New measures to increase protection for vulnerable mortgage customers and to ensure repossession is always a last resort have been announced by the Government today.
In a triple package of measures, the Treasury said today:
- The regulation of so-called second charge mortgages transferred from the Office of Fair Trading to the Financial Services Authority. Often known as secured loans, these are loans where your home is at risk of repossession if you miss payments. Unlike mainstream mortgages, as they are not regulated by the FSA, repossession does not have to be a last resort.
- Measures will also ensure homeowners who run into difficulties receive fair treatment, even if their mortgage is sold on to an unregulated firm. Some borrowers find, after taking a mortgage, they have to make payments to a different firm to their lender which has bought the debt. These companies often shows little sympathy to those behind on payments.

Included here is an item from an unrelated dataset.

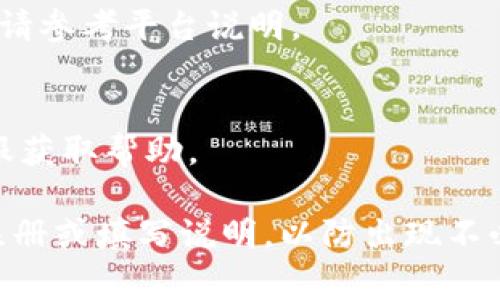 如果你在操作某些平台，例如Tokenim，受到了手机号格式的要求提示，通常需要注意以下几点以确保输入的手机号格式正确。以下是一些常见的手机号格式规范，以及在填写时应遵循的一些要点。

By mid-2009, unregulated firms had bought 16,500 mortgages worth £1.7 billion.
- It will tighten regulation of firms offering sale-and-rent-back schemes to ensure all companies in the sector are policed by the FSA. These companies often buy homes from struggling borrowers at knock-down prices to prevent repossession and charge them rent to stay. There is often no guarantee they'll be able to live there beyond a year.
Financial Secretary to the Treasury Mark Hoban said: "Giving the FSA responsibility for the whole residential mortgage market will simplify the mortgage regulation landscape for consumers and lenders.
"This will ensure that existing second charge mortgage borrowers who fall into arrears or face repossession on both first and second charge mortgages benefit from being regulated by a single organisation, maximising consumer protection and ensuring a more coordinated approach between lenders.
"The measures on mortgage books and sale-and-rent back have been introduced to address a genuine gap in the regulatory architecture, and will ensure consumers will be better protected in the mortgage market."
The Treasury says the measures should be in place by the end of this year, although the start of the second charge mortgage regulation regime may slip into early 2012.